# Ornaments?



## guest185 (Oct 27, 2008)

I don't know if there is such a thing but i'd love an ornament/figurine of my boys - taken from a photo.

Anyone heard of this?


----------



## rcj1095 (Mar 4, 2009)

I haven't. They have darling ornaments where you can insert the pictures and stuff. If you find one anywhere, let me know. I'd love something like that also. I'll start meandering around and see what trouble I can get into on the computer...


----------



## guest185 (Oct 27, 2008)

I know, I'd been looking at the Chi ornaments and can't find a one like either of the boys. I just thought it would be lovely to have one made instead of buying a figure of a random Chi....hmmm maybe this is a business venture for someone to pursue!


----------



## rocky scotland (Jun 15, 2008)

Up here you get slate from the quarry called Caithness Flagstone, they can etch a portrait onto it, it looks fab but I think it is quite expensive. I would like it done at some point of Rocky.


----------



## michele (Jan 12, 2009)

*Julie* said:


> I don't know if there is such a thing but i'd love an ornament/figurine of my boys - taken from a photo.
> 
> Anyone heard of this?


 There was somebody on here today who could make sleeve covers for your computer from a photo of your chi.Any good ,you would have to look back on the threads to find it.


----------



## Katie (Apr 9, 2005)

I had some cute figurine/ornaments made on Etsy (not sure if the link will work since I'm logged in)

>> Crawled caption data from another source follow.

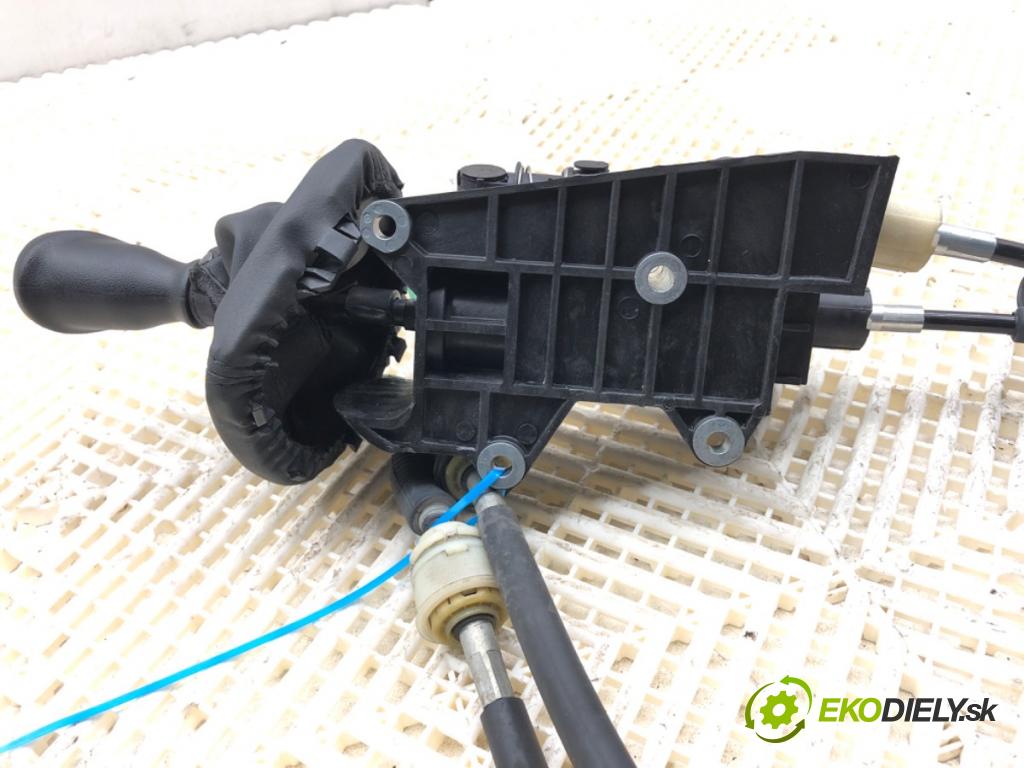 FIAT DOBLO II Nadwozie pełne/minivan 2016 66 kW 1.3 D Multijet 1248 Kulisa 50294312 (Rýchlostná páka (kulisa))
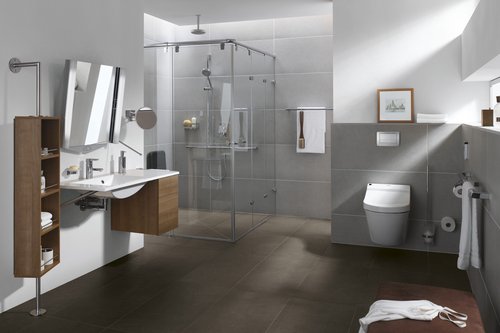 Eine ebenerdige Dusche ist elegant und lässt jedes Bad großzügig erscheinen. Außerdem bietet eine begehbare Dusche ohne Stolperkanten Komfort in jedem Alter Eine ebenerdige Dusche ist elegant und lässt jedes Bad großzügig erscheinen. Außerdem bietet eine begehbare Dusche ohne Stolperkanten Komfort in jedem Alter
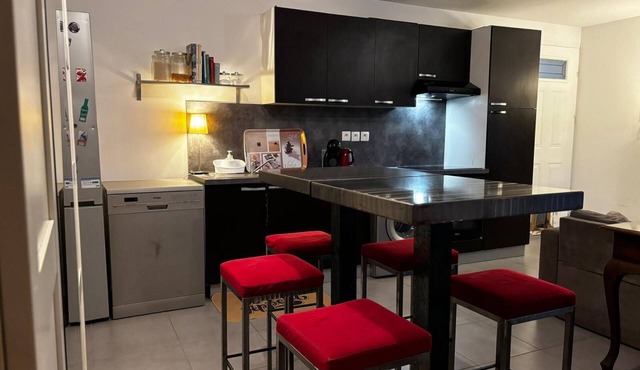 Joli Appartement Dans Petite Résidence Privée, Très Calme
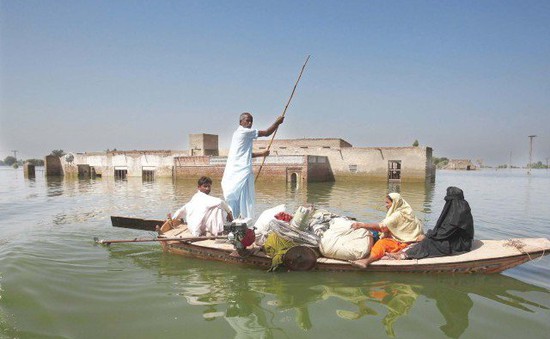 Hồ lớn nhất Pakistan bị hủy diệt vì ô nhiễm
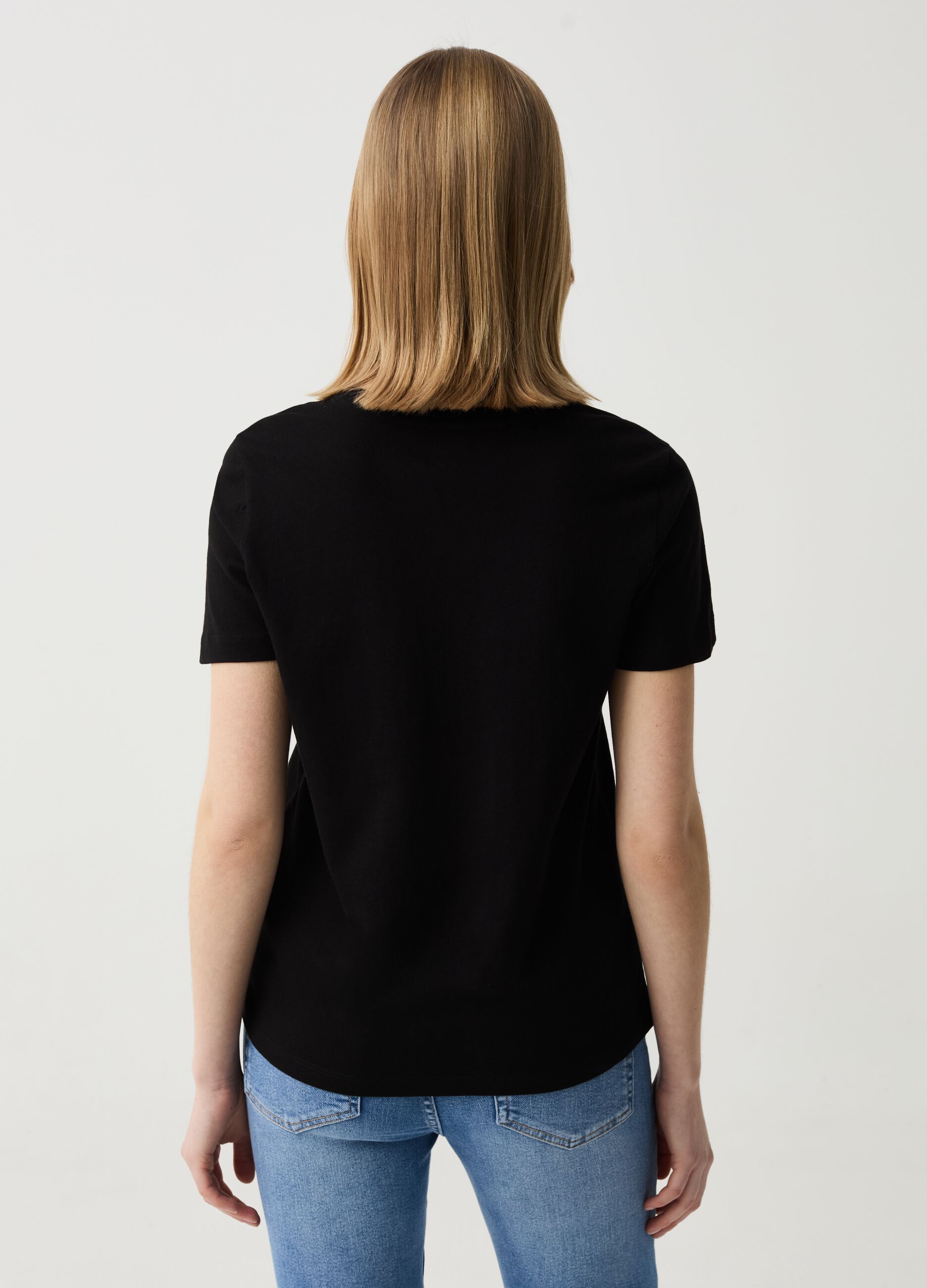 Essential cotton T-shirt with round neck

http://www.etsy.com/view_listing.php?listing_id=20631098


----------



## Jesslan (Jul 18, 2008)

Walgreens has many different items you can put pictures of your little furbabies on. Including ornaments, notebooks, notepads, calendars, keepsakes, mousepads, mugs, etc etc. 

PS You can make your orders online and have them delivered to your home if you don't have a store near you.


----------



## Adrienne (Apr 3, 2009)

Jesslan said:


> Walgreens has many different items you can put pictures of your little furbabies on. Including ornaments, notebooks, notepads, calendars, keepsakes, mousepads, mugs, etc etc.
> 
> PS You can make your orders online and have them delivered to your home if you don't have a store near you.




Walmart has that too


----------



## Mandy (Jan 16, 2009)

HERES SOMEONE ON ETSY YOU SEND A PIC OF YOUR PET AND SHE SCULPTURES IT TO LIKENESS OF THE PHOTO 

http://www.etsy.com/view_listing.ph...A&ga_search_type=handmade&ga_page=17&includes[]=tags&includes[]=title

YOU WOULD NEED TO FIND OUT IF SHE POSTS TO UK THOUGH X


----------



## Rosiesmum (Oct 14, 2007)

mazza lovin my chi's said:


> HERES SOMEONE ON ETSY YOU SEND A PIC OF YOUR PET AND SHE SCULPTURES IT TO LIKENESS OF THE PHOTO
> 
> http://www.etsy.com/view_listing.ph...A&ga_search_type=handmade&ga_page=17&includes[]=tags&includes[]=title
> 
> YOU WOULD NEED TO FIND OUT IF SHE POSTS TO UK THOUGH X


Those sculptures are brilliant!

Barbara x


----------



## sullysmum (Mar 6, 2004)

I did have a lifesize ornament of Rosie done by a photo i gave a firm called Winstanley who do the cat figures, but although the size was right the colouring wasnt right at the time, funnily though as she has aged it looks more like her now.


----------